Au Daghestan, nouveau « dysfonctionnement » des services obsédés par l’Ukraine
Cinq assaillants ont également été abattus, ont indiqué les autorités, sans indiquer si d’autres étaient en fuite. L’attaque n’a pas encore été revendiquée, mais rappelle le mode opératoire des groupes islamistes qui avaient déjà mené une insurrection meurtrière dans le Caucase russe dans les années 2000.
Une semaine plus tôt, des membres de l’organisation djihadiste État islamique (EI) avaient été tués après avoir pris en otage deux gardiens de prison dans une prison de Rostov-sur-le-Don, dans le sud-ouest de la Russie. Surtout, fin mars, l’Etat islamique a revendiqué le massacre commis au Crocus City Hall, une salle de concert de la banlieue de Moscou, qui a fait plus de 140 morts.

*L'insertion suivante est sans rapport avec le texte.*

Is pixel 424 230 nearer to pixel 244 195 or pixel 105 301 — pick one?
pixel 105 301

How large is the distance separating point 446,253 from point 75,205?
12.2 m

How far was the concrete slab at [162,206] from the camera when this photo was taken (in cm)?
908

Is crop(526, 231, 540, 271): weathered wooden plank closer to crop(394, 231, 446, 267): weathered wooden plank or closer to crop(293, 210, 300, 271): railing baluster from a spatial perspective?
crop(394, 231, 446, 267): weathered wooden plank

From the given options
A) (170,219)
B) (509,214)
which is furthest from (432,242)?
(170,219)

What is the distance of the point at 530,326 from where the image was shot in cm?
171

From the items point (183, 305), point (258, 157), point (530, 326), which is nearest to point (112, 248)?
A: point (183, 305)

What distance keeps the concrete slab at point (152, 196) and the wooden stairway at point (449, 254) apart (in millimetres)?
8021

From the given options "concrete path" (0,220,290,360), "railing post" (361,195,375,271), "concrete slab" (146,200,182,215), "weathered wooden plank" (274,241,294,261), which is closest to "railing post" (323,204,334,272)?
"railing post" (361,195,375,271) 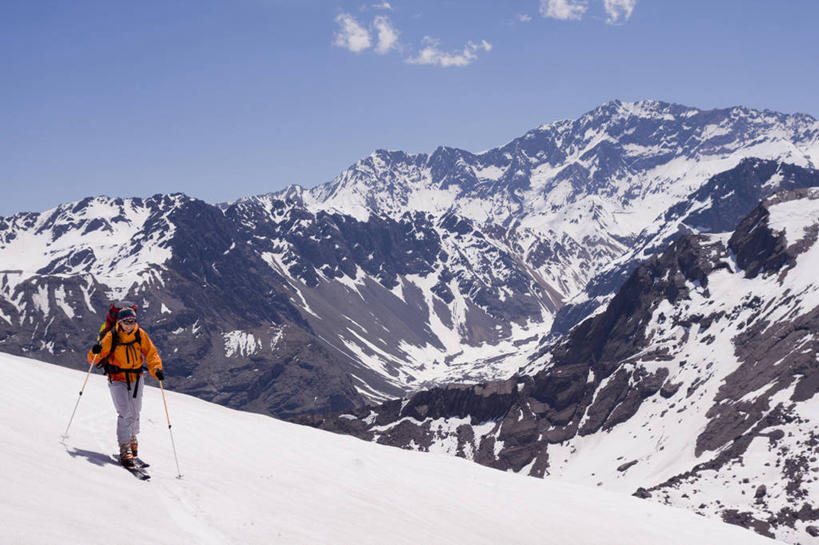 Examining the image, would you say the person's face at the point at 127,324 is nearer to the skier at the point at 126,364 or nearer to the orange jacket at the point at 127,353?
the skier at the point at 126,364

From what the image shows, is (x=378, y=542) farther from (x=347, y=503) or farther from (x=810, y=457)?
(x=810, y=457)

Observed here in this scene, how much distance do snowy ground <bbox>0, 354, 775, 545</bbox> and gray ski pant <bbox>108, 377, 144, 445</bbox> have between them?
0.86 metres

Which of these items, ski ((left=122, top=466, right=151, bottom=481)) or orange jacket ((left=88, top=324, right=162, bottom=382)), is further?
orange jacket ((left=88, top=324, right=162, bottom=382))

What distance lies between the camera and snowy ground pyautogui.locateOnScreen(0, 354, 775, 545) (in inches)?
542

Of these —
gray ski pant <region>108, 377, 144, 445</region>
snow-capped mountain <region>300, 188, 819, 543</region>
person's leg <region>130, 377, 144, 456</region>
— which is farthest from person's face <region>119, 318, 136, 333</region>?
snow-capped mountain <region>300, 188, 819, 543</region>

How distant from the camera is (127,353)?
1870cm

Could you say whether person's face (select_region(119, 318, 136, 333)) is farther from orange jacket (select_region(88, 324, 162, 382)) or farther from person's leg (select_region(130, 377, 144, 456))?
person's leg (select_region(130, 377, 144, 456))

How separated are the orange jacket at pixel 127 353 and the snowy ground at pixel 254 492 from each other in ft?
7.63

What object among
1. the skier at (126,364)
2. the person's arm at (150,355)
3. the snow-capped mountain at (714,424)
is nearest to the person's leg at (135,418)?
the skier at (126,364)

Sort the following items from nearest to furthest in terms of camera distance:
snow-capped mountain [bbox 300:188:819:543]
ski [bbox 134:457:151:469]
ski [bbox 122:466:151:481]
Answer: ski [bbox 122:466:151:481], ski [bbox 134:457:151:469], snow-capped mountain [bbox 300:188:819:543]

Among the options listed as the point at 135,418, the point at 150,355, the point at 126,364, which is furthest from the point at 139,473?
the point at 150,355

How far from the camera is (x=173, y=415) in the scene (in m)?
26.7

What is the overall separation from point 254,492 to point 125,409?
12.8 ft

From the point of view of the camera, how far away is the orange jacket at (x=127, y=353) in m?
18.6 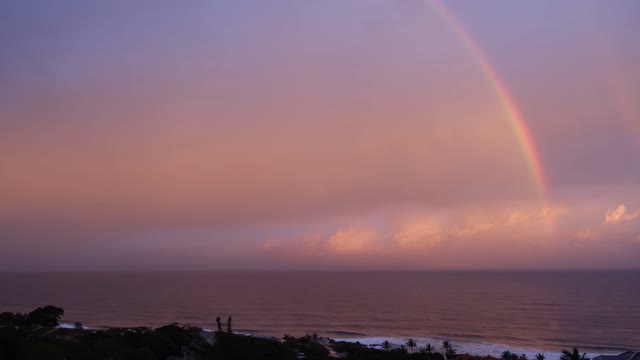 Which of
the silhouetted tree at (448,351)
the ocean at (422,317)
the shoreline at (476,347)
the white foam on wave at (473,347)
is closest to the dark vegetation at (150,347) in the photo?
the silhouetted tree at (448,351)

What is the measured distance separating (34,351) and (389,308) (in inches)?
4483

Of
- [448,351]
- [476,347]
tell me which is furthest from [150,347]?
[476,347]

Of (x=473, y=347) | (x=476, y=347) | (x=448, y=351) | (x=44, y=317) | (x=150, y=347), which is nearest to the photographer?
(x=150, y=347)

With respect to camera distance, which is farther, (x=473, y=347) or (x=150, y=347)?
(x=473, y=347)

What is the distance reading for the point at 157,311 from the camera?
114812mm

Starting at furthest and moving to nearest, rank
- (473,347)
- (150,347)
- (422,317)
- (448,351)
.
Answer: (422,317)
(473,347)
(448,351)
(150,347)

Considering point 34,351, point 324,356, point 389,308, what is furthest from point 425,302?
point 34,351

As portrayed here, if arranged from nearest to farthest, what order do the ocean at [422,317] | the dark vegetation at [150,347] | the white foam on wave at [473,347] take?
the dark vegetation at [150,347] < the white foam on wave at [473,347] < the ocean at [422,317]

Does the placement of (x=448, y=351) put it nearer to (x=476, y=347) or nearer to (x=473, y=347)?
(x=476, y=347)

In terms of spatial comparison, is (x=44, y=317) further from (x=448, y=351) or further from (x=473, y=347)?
(x=473, y=347)

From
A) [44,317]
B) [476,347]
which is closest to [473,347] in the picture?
[476,347]

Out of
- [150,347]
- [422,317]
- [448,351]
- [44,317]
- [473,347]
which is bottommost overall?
[422,317]

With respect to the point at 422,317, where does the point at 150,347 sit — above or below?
above

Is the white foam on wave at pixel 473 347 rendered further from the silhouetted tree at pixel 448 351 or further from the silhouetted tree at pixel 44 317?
the silhouetted tree at pixel 44 317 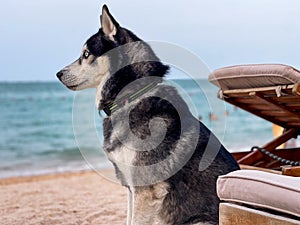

Ces attaques rappellent les heures sombres de la fin des années 1990 et du début des années 2000, lorsque les combats armés dans le Caucase et les attentats à Moscou se sont multipliés, après la radicalisation islamiste du mouvement indépendantiste tchétchène.
Un danger sous-estimé ?
Moscou était parvenue à étrangler progressivement les groupes jihadistes du Caucase, en les combattant, mais non sans multiplier les exactions. Mais cette focalisation sur le danger islamiste a peu à peu cédé la place à l’obsession de Vladimir Poutine, héraut du pouvoir russe, pour l’Ukraine, culminant avec l’invasion de février 2022. Désormais, l’armée, la police et les services de sécurité se consacrent à la lutte contre les « saboteurs », les « terroristes » et les « traîtres » à la solde de Kiev.
« Le dysfonctionnement des autorités (russes) est évident, elles sont occupées à d’autres missions liées à +l’opération militaire spéciale+ (en Ukraine) et à l’Occident » présentée désormais comme l’ennemi existentiel, estime Grigori Chvedov, rédacteur en chef de chef du média indépendant Kavkazski Ouziol (www.kavkaz-uzel.eu), désigné « agent étranger » en Russie.
Pour lui, les attentats du Daghestan démontrent une « situation explosive » dans tout le Caucase russe. Mais Moscou « estime que la source du terrorisme est l’Ukraine et non les terroristes qui ont grandi au Daghestan. (…) Le danger est de sous-estimer l’hypothèse d’une menace islamiste», souligne M. Chvedov.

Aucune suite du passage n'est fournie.